◆ **STORED DATA**
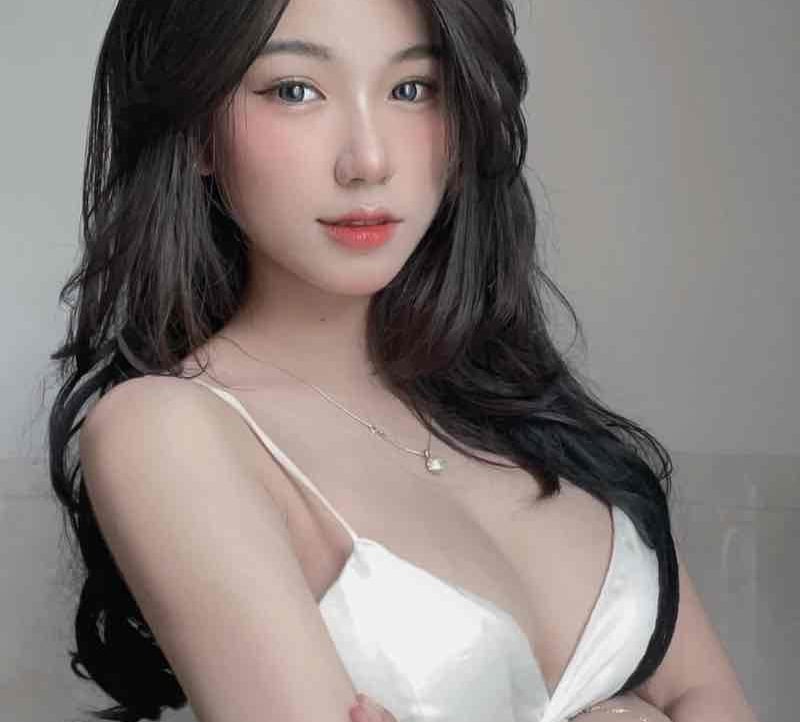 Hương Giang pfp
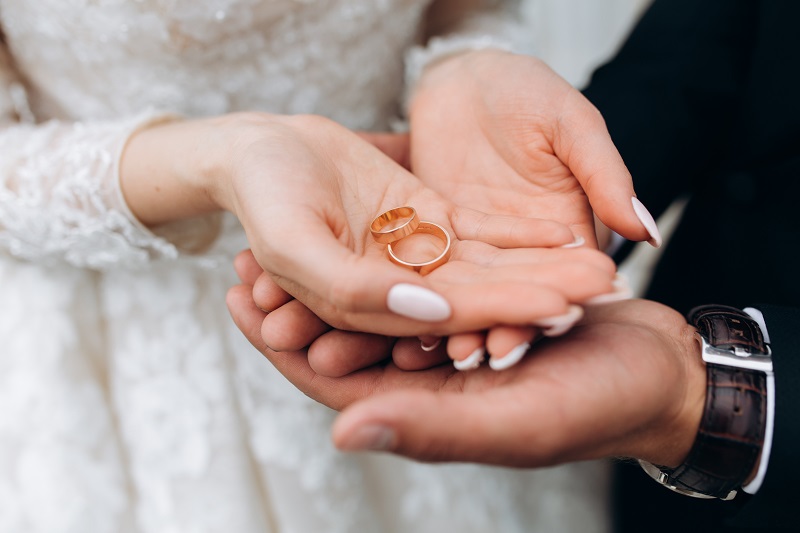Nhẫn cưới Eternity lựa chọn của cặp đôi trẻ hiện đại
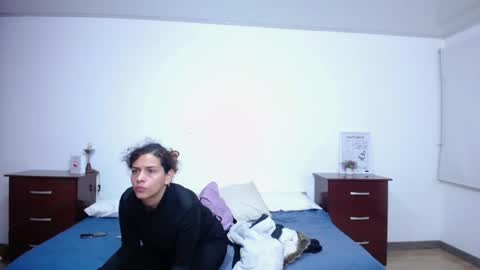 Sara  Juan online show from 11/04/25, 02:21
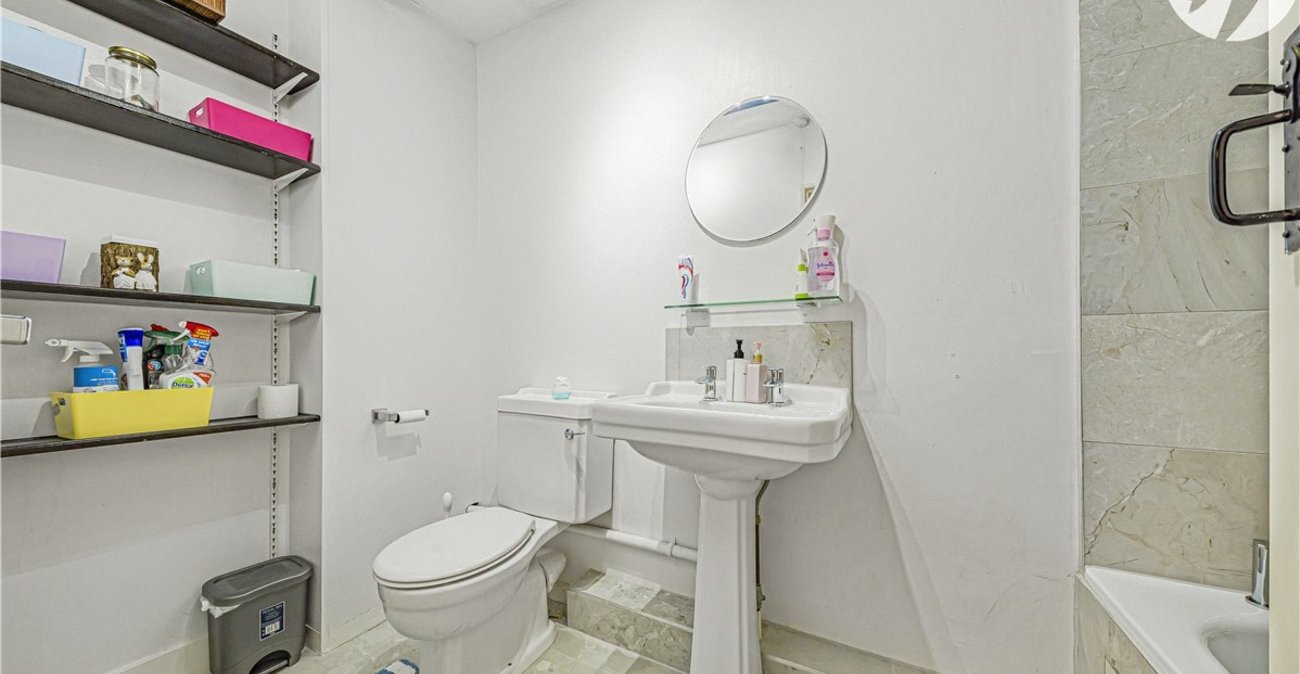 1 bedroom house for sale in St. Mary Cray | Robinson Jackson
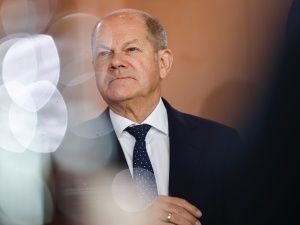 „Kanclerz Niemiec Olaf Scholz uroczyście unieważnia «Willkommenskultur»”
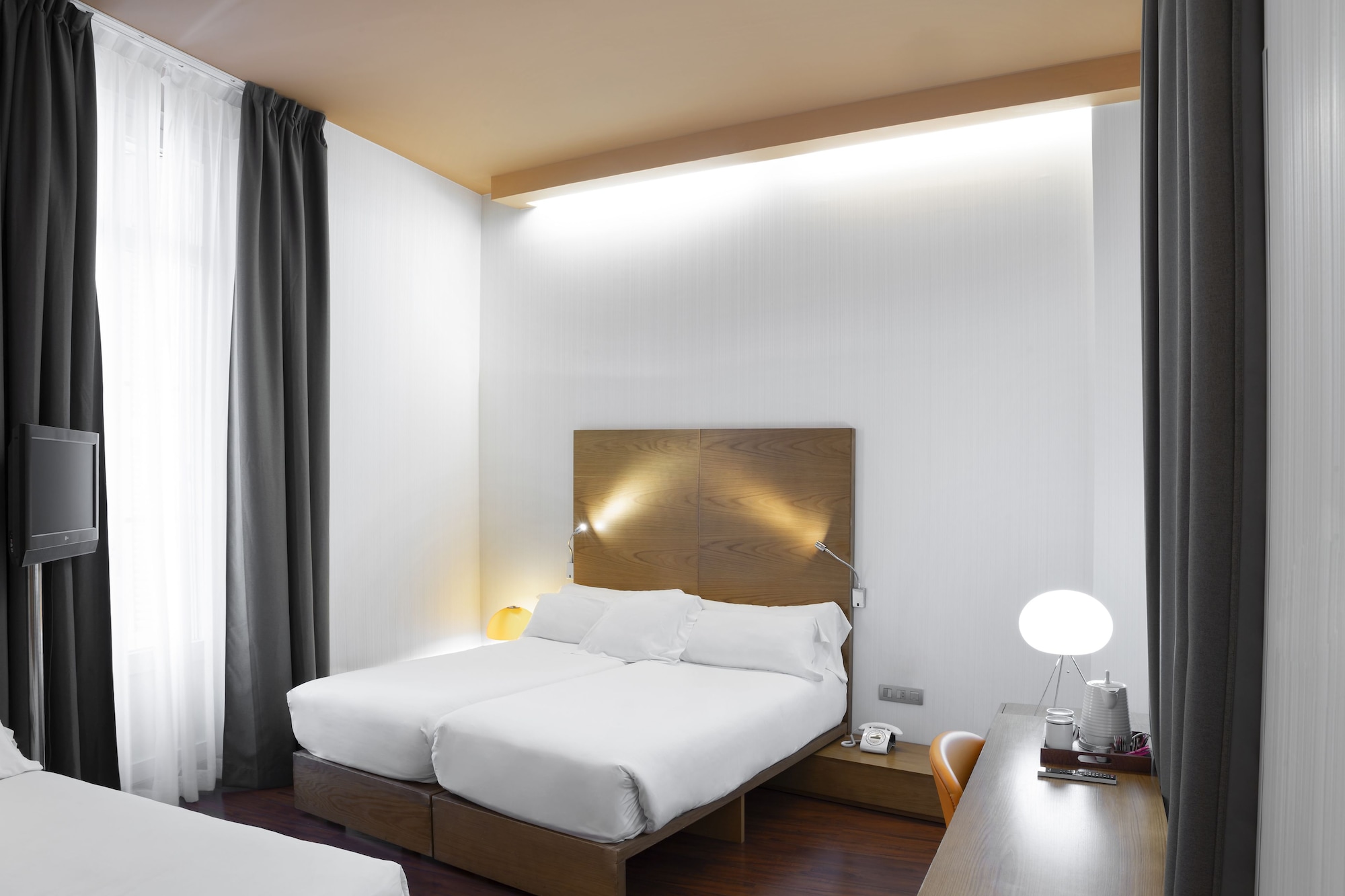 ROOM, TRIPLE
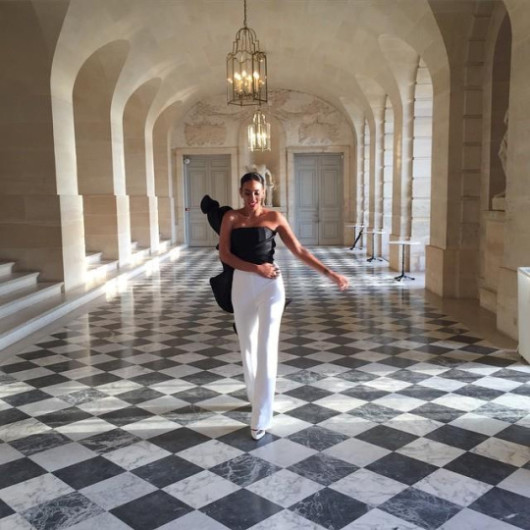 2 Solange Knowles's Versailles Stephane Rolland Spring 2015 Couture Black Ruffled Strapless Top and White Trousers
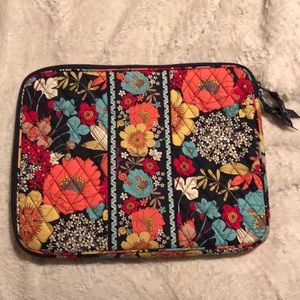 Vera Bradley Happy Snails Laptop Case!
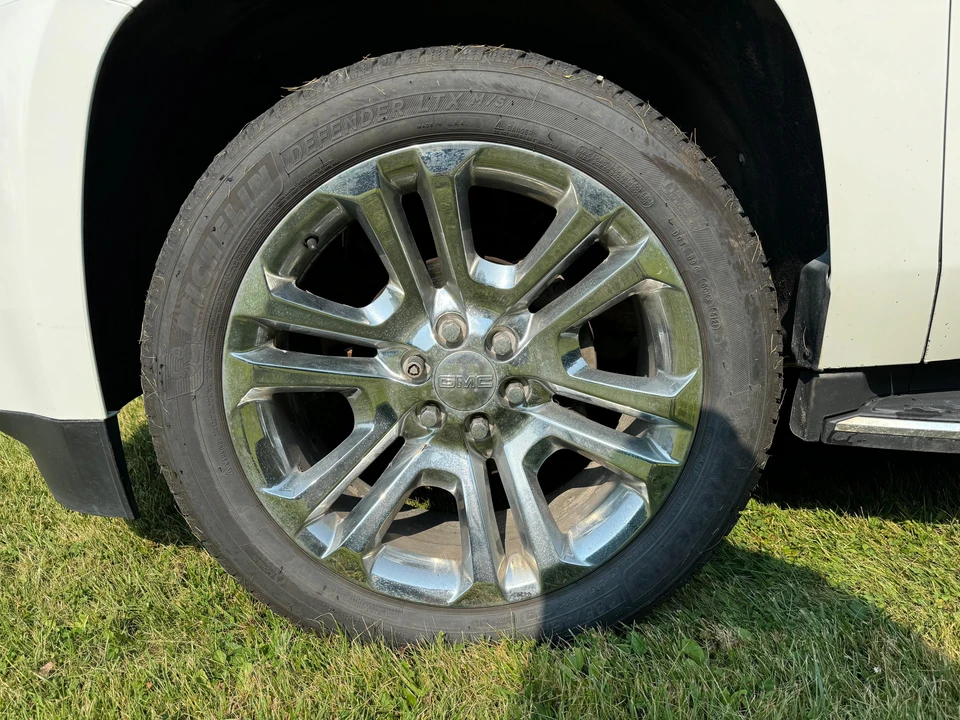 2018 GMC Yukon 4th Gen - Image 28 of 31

◆ **WHAT YOU SHOULD DO**
Output the entries above verbatim, leaving out images.

◆ **OUTPUT OF THE EXERCISE**
 Hương Giang pfp
Nhẫn cưới Eternity lựa chọn của cặp đôi trẻ hiện đại
 Sara  Juan online show from 11/04/25, 02:21
 1 bedroom house for sale in St. Mary Cray | Robinson Jackson
 „Kanclerz Niemiec Olaf Scholz uroczyście unieważnia «Willkommenskultur»”
 ROOM, TRIPLE
 2 Solange Knowles's Versailles Stephane Rolland Spring 2015 Couture Black Ruffled Strapless Top and White Trousers
 Vera Bradley Happy Snails Laptop Case!
 2018 GMC Yukon 4th Gen - Image 28 of 31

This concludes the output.